Process of cleaning data that is in a bad state

102 Views Asked by At

I understand that topics are immutable.

Let's say your topic is in a bad state. Sections of data that are out of order, duplicate records, etc. What is the process of cleaning up that data? How does this process impact downstream consumers?

I see a few different ways to handle this:

  1. The consumers don't listen to that first topic, but rather listen to a cleaned up derivative.

  2. Version the topic and rewrite the data with the de-dupe logic applied. Then have the consumers change which topic they listen to. But then I run into the situation where records are either buffered or interleaved with older records while new records continue to come in.
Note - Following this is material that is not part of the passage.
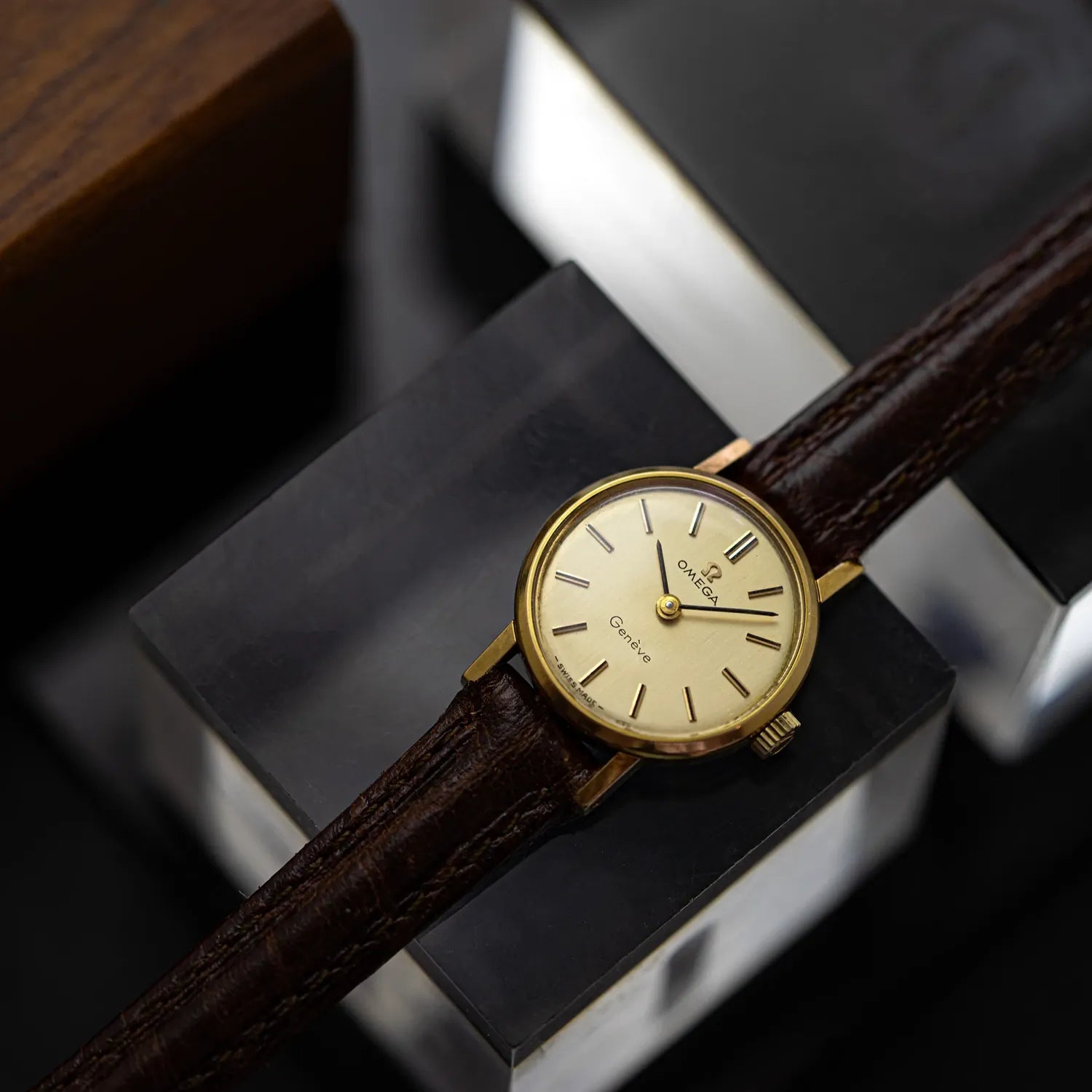 Omega Vintage Women's Watch – dial close-up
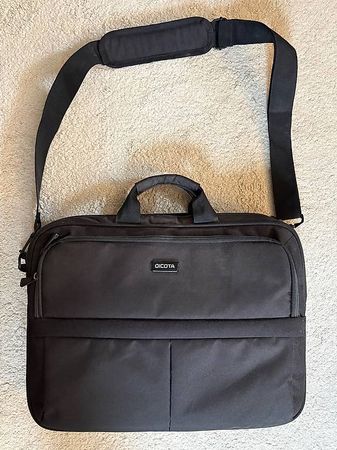Dicota laptop Tasche fast unbenutzt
What are some other ways this situation is handled?

1

There are 1 best solutions below

1
On

Sounds like the data flow architecture is not idempotent. Data is never out of order or duplicated by Kafka, there would be a problem with the producer. Kafka automatically removed data from topics post retention period, so just wait till that period for cleanup if you are worried about existing data only. Once data is deleted by Kafka, any consumer lagging in reads (i.e. wants to read from deleted offset) will have to set auto.offset.reset from earliest or latest otherwise consumer will issue OffsetOutOfRange error.

Meanwhile, if you can skip records and start polling for specific offset/partition by using consumer.seek(partition, offset)

Solution would depend upon your business logic and incoming data pattern, but you will be better off by solving producer issues rather than handling it in consumer.